The Ministry of Health (MOH) has declared war on diabetes, with each of the four political leaders in its ranks primed to tackle a particular aspect of the disease.
In setting the battle scene, Health Minister Gan Kim Yong said in Parliament yesterday that diabetes, one of the biggest drains on the healthcare system, is already costing the country more than $1 billion a year.
"Left undetected, untreated or poorly managed, diabetes can lead to heart disease, stroke, kidney failure, blindness and amputations," he said during the debate on his ministry's budget. Every day, four Singaporeans lose a limb or appendage because of complications from diabetes, he noted.
Of the more than 400,000 diabetics in Singapore today, one in three do not even know they have the disease. Of those who do know, one in three have poor control.

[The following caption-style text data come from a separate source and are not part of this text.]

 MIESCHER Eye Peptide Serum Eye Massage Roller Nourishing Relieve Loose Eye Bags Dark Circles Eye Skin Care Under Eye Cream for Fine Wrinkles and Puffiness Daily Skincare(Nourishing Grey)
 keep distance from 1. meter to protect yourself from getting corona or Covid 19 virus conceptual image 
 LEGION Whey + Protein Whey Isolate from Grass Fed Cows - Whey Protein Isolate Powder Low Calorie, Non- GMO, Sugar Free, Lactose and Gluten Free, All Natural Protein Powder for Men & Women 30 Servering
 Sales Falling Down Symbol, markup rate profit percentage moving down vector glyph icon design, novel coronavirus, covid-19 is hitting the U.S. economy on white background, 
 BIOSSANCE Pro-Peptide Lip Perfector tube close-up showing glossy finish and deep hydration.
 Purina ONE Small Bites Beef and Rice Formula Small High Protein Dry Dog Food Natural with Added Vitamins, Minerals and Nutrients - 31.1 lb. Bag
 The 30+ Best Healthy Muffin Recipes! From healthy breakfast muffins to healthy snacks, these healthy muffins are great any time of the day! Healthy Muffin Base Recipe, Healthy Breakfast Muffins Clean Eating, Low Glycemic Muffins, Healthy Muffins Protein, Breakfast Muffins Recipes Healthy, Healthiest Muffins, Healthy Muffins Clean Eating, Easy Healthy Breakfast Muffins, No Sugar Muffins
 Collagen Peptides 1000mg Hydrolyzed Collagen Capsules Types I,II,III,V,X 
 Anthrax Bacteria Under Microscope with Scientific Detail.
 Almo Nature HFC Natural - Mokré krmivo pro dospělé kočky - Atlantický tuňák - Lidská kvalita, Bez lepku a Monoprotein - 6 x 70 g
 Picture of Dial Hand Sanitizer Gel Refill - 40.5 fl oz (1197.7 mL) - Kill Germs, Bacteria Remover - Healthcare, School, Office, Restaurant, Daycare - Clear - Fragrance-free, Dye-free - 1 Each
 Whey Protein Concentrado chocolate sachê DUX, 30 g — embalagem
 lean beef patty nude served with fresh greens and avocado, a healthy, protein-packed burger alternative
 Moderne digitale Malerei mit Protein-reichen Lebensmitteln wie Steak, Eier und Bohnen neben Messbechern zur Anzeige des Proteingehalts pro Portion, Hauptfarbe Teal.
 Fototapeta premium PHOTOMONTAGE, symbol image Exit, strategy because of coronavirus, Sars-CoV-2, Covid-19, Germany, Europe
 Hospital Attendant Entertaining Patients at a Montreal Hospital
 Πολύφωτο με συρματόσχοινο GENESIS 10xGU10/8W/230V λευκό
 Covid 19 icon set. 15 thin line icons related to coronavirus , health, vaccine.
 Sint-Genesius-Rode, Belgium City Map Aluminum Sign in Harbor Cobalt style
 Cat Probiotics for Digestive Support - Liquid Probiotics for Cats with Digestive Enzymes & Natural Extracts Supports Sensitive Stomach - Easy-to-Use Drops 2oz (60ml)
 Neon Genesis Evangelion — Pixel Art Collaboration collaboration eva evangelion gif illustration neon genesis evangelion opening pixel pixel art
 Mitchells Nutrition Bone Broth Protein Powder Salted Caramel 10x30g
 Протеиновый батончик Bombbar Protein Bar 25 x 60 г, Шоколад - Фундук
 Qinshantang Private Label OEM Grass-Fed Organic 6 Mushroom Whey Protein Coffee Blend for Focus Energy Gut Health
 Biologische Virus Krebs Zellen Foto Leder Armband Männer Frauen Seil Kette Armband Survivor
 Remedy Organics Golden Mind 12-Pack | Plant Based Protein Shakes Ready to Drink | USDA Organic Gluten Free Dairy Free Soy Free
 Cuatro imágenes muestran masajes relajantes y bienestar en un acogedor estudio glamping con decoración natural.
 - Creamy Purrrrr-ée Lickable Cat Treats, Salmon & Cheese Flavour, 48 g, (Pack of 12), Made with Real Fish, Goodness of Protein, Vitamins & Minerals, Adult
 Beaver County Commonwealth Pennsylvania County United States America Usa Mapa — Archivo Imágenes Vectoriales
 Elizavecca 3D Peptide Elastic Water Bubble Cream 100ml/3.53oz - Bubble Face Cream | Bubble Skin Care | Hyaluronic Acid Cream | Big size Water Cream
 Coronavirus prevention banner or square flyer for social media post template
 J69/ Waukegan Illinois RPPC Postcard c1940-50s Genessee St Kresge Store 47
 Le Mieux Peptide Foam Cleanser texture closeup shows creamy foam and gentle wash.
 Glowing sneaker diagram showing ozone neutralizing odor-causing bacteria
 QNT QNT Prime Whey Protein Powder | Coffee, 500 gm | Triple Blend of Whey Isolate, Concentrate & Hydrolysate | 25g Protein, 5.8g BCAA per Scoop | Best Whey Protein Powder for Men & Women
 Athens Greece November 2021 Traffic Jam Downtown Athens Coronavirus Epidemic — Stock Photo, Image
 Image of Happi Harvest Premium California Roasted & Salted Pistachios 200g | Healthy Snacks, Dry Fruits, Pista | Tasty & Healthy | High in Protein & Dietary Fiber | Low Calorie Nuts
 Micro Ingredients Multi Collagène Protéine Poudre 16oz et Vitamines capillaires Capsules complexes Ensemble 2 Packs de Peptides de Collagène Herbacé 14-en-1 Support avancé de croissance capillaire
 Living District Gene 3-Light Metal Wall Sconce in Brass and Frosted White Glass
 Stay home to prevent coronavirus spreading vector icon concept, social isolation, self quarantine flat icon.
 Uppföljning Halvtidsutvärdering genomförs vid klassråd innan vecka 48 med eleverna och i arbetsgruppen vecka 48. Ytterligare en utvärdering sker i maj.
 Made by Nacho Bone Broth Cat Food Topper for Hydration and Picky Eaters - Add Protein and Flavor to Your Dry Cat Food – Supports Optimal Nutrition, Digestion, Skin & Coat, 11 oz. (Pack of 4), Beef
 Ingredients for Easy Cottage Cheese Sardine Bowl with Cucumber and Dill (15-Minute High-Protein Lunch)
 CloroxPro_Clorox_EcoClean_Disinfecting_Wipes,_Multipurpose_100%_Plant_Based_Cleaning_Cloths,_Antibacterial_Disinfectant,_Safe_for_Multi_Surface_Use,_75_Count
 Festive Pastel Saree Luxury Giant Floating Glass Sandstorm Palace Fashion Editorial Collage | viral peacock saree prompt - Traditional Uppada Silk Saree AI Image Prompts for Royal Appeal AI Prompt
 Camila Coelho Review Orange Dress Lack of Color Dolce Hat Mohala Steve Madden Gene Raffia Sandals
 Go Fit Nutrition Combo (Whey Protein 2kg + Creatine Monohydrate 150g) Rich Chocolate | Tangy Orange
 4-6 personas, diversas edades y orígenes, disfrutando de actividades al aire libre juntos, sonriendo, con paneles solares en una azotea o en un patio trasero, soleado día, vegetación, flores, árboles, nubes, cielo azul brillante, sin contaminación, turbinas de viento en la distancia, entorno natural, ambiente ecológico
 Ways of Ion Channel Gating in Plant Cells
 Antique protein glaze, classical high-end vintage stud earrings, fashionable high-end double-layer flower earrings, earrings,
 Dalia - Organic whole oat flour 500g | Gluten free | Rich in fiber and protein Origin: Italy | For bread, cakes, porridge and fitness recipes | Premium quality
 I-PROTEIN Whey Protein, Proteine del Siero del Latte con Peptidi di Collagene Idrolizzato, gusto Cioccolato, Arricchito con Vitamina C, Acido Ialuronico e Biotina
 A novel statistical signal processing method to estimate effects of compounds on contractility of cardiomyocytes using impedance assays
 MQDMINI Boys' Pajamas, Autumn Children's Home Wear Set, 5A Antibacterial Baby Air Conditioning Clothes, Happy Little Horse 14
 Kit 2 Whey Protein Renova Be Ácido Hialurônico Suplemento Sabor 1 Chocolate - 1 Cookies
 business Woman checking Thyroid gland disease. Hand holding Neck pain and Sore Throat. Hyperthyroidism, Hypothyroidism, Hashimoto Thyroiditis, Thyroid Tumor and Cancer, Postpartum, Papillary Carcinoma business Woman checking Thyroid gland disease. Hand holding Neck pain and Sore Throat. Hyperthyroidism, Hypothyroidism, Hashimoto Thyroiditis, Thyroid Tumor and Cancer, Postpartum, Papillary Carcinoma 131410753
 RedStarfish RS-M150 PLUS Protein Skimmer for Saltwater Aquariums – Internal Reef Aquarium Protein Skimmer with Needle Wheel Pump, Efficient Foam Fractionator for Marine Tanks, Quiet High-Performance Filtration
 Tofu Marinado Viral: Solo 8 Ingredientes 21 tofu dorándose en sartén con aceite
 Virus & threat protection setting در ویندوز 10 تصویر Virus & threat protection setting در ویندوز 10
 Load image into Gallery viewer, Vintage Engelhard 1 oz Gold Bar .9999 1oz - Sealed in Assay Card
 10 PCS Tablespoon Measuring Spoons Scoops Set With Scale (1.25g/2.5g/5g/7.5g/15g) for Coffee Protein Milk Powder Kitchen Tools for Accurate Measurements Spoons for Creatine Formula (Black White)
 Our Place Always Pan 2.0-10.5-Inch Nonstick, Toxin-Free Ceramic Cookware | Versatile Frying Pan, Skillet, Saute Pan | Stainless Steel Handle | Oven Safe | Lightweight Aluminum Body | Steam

If nothing is done, things will just get worse, with one out of every three people here - more than a million - getting diabetes.
"Therefore, I am declaring war on diabetes," said Mr Gan. "We want to help Singaporeans live life free from diabetes and for those with the disease, to help them control their condition to prevent deterioration."
He will co-chair a new Diabetes Prevention and Care Taskforce with Acting Education Minister Ng Chee Meng, that will include people from the public and private sectors as well as patient advocacy and caregiver groups.
This "war" will start with the young. Minister of State for Health Lam Pin Min said it worries him to note that children and youth are getting increasingly overweight.
"Childhood obesity is likely to persist and progress into adulthood," he added. These overweight people will be at higher risk of getting chronic diseases such as diabetes and hypertension.
He will jointly lead an inter-agency NurtureSG Taskforce with Minister of State for Education Janil Puthucheary to spearhead this effort.
Senior Minister of State for Health Amy Khor's Women's Health Committee will help women with gestational diabetes to prevent birth complications, as well as tackling higher risk of diabetes in the child.
Minister of State for Health Chee Hong Tat will work with the community to promote healthy living and reduce prevalence of diabetes. He will try to get more people to screen for diabetes, and to strengthen follow-up treatment for those who are diagnosed with the disease.
Mr Gan said: "The war on diabetes will not be a quick battle but a long war requiring sustained effort."